We were pleased to host Dan Garrette from Google the previous Friday, who gave a talk in the NLP/AI series.
Title: Learning from Weak Supervision: Combinatory Categorial Grammars and Historical Document Transcription
Abstract:
As we move NLP toward domains and languages where supervised training resources are not available, there is an increased need to learn models from less annotation. In this talk, I will describe two projects on learning from weak supervision. First, I will discuss work on learning combinatory categorial grammars (CCGs) from incomplete information. In particular, I will show how universal, intrinsic properties of the CCG formalism can be encoded as priors and used to guide the learning of supertaggers and parsers. These universal priors can, in turn, be combined with corpus-specific knowledge derived from limited amounts of available annotation to further improve performance. Second, I will present work on learning to automatically transcribe historical documents that feature heavy use of code-switching and non-standard orthographies that include obsolete spellings, inconsistent diacritic use, typos, and archaic shorthands. Our state-of-the-art model is able to induce language-specific probabilistic mappings from language model data with standard orthography to the document-specific orthography on the page by jointly modeling both variant-preserving and normalized transcriptions.

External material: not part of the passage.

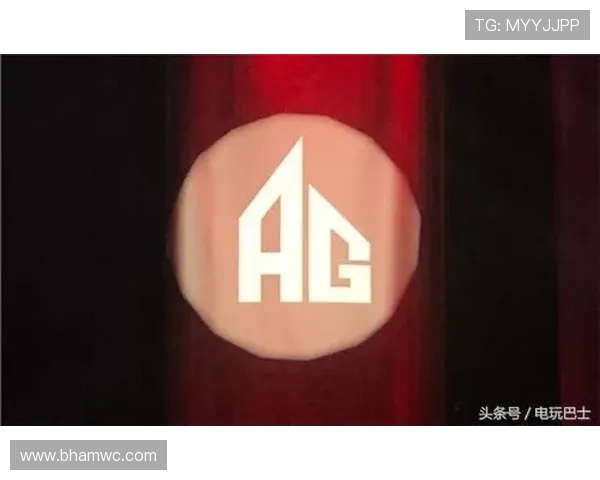 电玩AG会员注册后的常见问题及解决办法，避免新手误区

I will conclude with a discussion of how our work has opened up new avenues of research for scholars in the digital humanities, with a focus on transcribing books printed in Mexico in the 1500s
Bio:
Dan is a research scientist at Google in NYC. He was previously a postdoctoral researcher at the University of Washington working with Luke Zettlemoyer, and obtained his PhD at the University of Texas at Austin under the direction of Jason Baldridge and Ray Mooney.
Host: Alan Ritter